Failure Management - IoT Lens

Failure Management

IOTREL 5. How does your IoT application withstand failure?

Because IoT is an event-driven workload, your application code must be resilient to handling known and unknown errors that can occur as events are permeated through your application. A well-architected IoT application has the ability to log and retry errors in data processing. An IoT application will archive all data in its raw format. By archiving all data, valid and invalid, an architecture can more accurately restore data to a given point in time.

With the IoT rules engine, an application can enable an IoT error action. If a problem occurs when invoking an action, the rules engine will invoke the error action. This allows you to capture, monitor, alert, and eventually retry messages that could not be delivered to their primary IoT action. We recommend that an IoT error action is configured with a different AWS service from the primary action. Use durable storage for error actions such as Amazon SQS or Amazon Kinesis.

Beginning with the rules engine, your application logic should initially process messages from a queue and validate that the schema of that message is correct. Your application logic should catch and log any known errors and optionally move those messages to their own DLQ for further analysis.
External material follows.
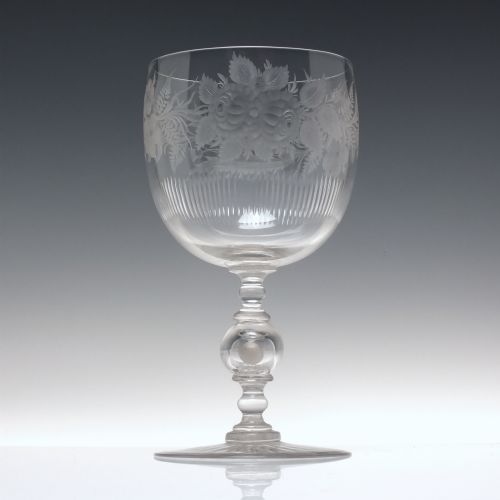 ANTIQUE 19TH CENTURY ENGRAVED COIN GLASS GOBLET C1881 - ADDITIONAL PHOTO 1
Have a catch-all IoT rule that uses Amazon Kinesis Data Firehose and AWS IoT Analytics channels to transfer all raw and unformatted messages into long-term storage in Amazon S3, AWS IoT Analytics data stores, and Amazon Redshift for data warehousing.
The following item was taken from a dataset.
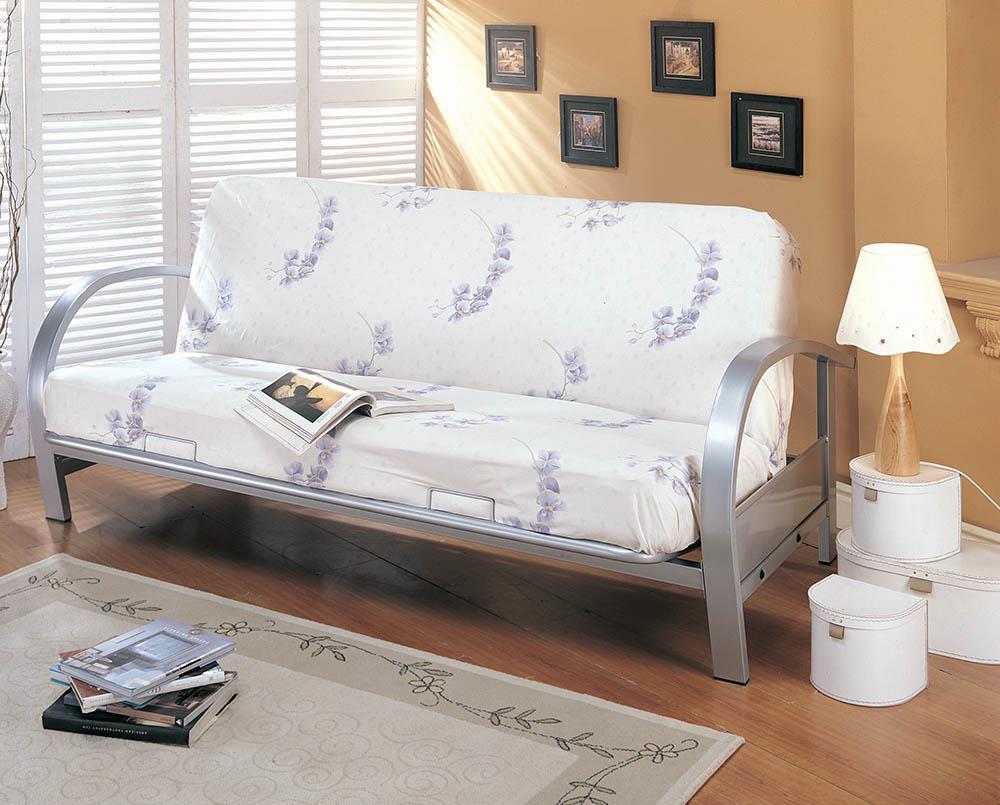 Transitional Silver Futon Frame, 81.00 X 39.00 X 31.75"H Affordable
IOTREL 6. How do you verify different levels of hardware failure modes for your physical assets?

IoT implementations must allow for multiple types of failure at the device level. Failures can be due to hardware, software, connectivity, or unexpected adverse conditions. One way to plan for thing failure is to deploy devices in pairs, if possible, or to deploy dual sensors across a fleet of devices deployed over the same coverage area (meshing).

Regardless of the underlying cause for device failures, if the device can communicate to your cloud application, it should send diagnostic information about the hardware failure to AWS IoT Core using a diagnostics topic. If the device loses connectivity because of the hardware failure, use Fleet Indexing with connectivity status to track the change in connectivity status. If the device is offline for extended periods of time, trigger an alert that the device may require remediation.